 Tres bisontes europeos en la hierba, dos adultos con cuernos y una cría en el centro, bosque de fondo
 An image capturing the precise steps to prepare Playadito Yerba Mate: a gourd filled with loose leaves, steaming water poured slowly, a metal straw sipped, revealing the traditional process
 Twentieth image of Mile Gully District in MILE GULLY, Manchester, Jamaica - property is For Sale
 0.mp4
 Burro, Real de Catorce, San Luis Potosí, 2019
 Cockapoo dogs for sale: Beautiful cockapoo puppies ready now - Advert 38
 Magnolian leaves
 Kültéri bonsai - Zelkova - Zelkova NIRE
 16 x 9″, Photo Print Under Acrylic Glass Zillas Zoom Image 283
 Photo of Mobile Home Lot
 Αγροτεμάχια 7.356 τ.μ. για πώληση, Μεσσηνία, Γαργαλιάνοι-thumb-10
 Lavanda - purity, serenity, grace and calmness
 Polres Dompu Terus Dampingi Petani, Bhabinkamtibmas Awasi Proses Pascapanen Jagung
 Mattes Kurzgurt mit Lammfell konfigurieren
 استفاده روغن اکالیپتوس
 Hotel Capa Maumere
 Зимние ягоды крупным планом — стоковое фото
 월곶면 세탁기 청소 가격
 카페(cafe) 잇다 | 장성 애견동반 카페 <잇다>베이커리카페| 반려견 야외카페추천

————

**About this task**
Having found the line with "Hotel Capa Maumere" in the listing above, transcribe it and every line after it to the end, exactly, with no additions.

**Result of the exercise**
 Hotel Capa Maumere
 Зимние ягоды крупным планом — стоковое фото
 월곶면 세탁기 청소 가격
 카페(cafe) 잇다 | 장성 애견동반 카페 <잇다>베이커리카페| 반려견 야외카페추천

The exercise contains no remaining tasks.